The FMT assay in this study highlighted the role of the gut microbiota as an upstream conductor of sepsis-induced inflammation and liver injury. More importantly, our results showed that metformin might improve SLI in aged rats in the presence of gut microbiota compared with the absence of gut microbiota. Furthermore, our observations that metformin treatment could improve inflammation and liver injury by regulating the gut microbiota and alleviating leaky gut in aged SLI rats were consistent with those of the previous study [Citation33]. An earlier article reported that a leaky gut regulates inflammation, associated with a higher risk of metabolic dysfunction in aged individuals [Citation34]. Our results were consistent with an earlier study, which reported that the reduced expression of intestinal barrier markers, such as tight-junction proteins, results in a leaky gut [Citation35]. Moreover, CLP-induced colon inflammatory infiltration, oedema, and haemorrhage also promote the leaky gut. The bacteria, especially LPS, translocated to the extraintestinal through the impaired intestinal barrier, stimulate liver injury and inflammation [Citation36]. It is consistent with our finds in the colon inflammatory infiltration, oedema, and haemorrhage responses to liver injury and inflammation.

This study showed that the gut microbial composition differed substantially between SC and CLP groups ().

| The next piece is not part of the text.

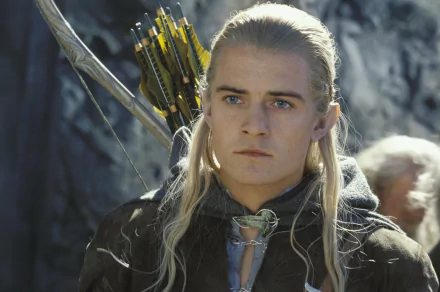 HD desktop wallpaper featuring Legolas from *The Lord of the Rings: The Two Towers*, showcasing his determined expression and iconic blonde hair, with his bow and arrows in the background.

Surprisingly, metformin treatment leads to a decreased alpha diversity (SC-MET group), which may be due to gastrointestinal side effects upon metformin administration. Furthermore, metformin administration could increase the abundance of Escherichia_Shigella. The increased levels of opportunistic pathogenic bacteria with a pro-inflammatory response, such as Klebsiella and Escherichia_Shigella, in CLP-induced sepsis destroy the gut microe-cological balance, while the activated intestinal pathogenic bacteria increase inflammation, which is in agreement with our previous findings [Citation37]. Another study reported that Escherichia_Shigella is involved in obesity-associated metabolic dysfunction or considered a pro-inflammatory bacterial species [Citation38]. Our study also showed that Klebsiella and Escherichia_Shigella were positively correlated with liver inflammation and chemokines. As expected, the gut microbial composition in the CLP-MET group was similar to the SC-MET group (). The present study showed that metformin treatment increased the abundance of Bifidobacterium, Muribaculaceae, Parabacteroides_distasonis, and Alloprevitella in the CLP-MET group compared with the CLP group. These bacteria produce SCFA, which provides energy to intestinal cells, maintains the gut barrier [Citation39], and prevents LPS translocation from the intestinal barrier [Citation40, Citation41]. Alloprevitella protects from acute liver injury and gut microbiota dysbiosis [Citation42]. Increasing evidence reported that Parabacteroides_distasonis alleviate tumourigenesis, inflammatory markers, and intestinal barrier integrity in mice [Citation43]; the bacteria are negatively correlated with AST and ALT [Citation44] and can attenuate inflammation by inhibiting Toll-like receptor 4 signalling [Citation45]. Bifidobacterium and Muribaculaceae have beneficial effects on intestinal dysbiosis through immunoregulation and modulation of gut homeostasis [Citation46,Citation47].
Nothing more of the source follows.